Activity
Restate the data below word for word. Skip any images it contains.

[[ Material provided open ]]

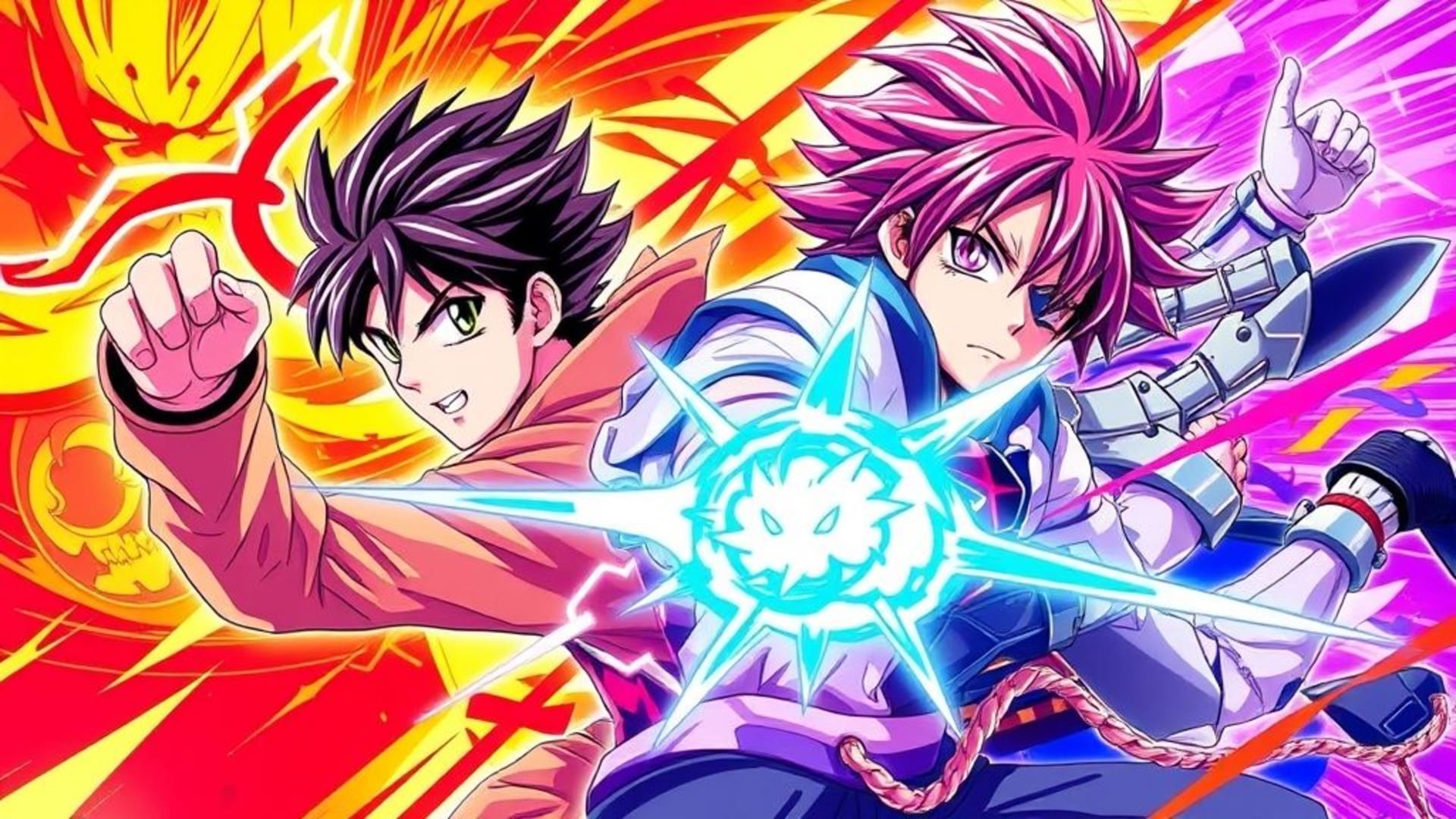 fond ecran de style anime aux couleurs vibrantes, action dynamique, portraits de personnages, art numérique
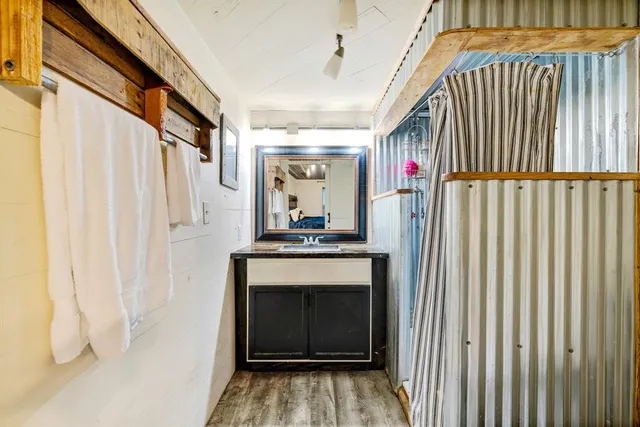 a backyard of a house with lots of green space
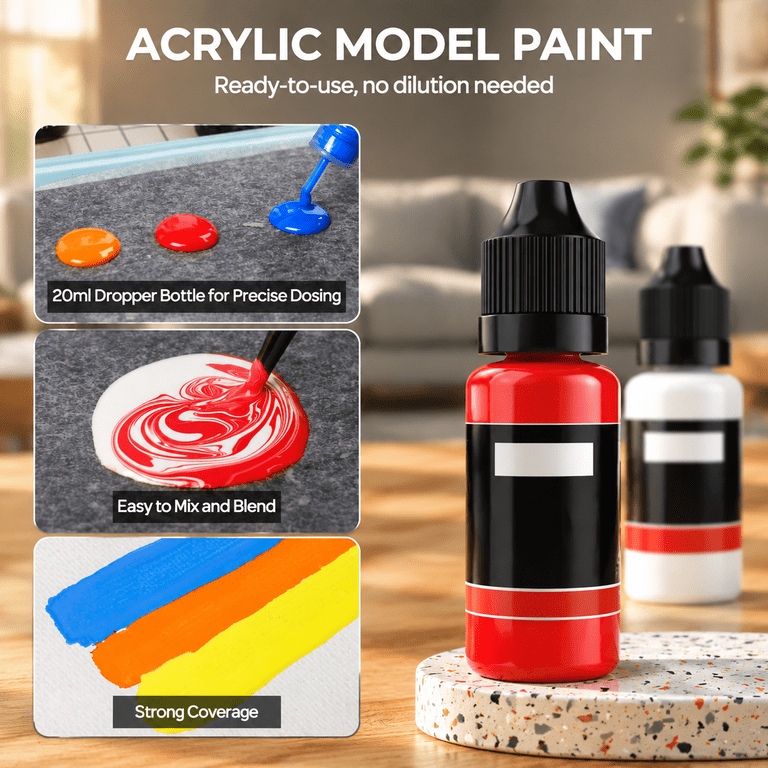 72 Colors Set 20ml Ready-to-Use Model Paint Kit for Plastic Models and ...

[[ Material provided closed ]]

Task result
 fond ecran de style anime aux couleurs vibrantes, action dynamique, portraits de personnages, art numérique
 a backyard of a house with lots of green space
 72 Colors Set 20ml Ready-to-Use Model Paint Kit for Plastic Models and ...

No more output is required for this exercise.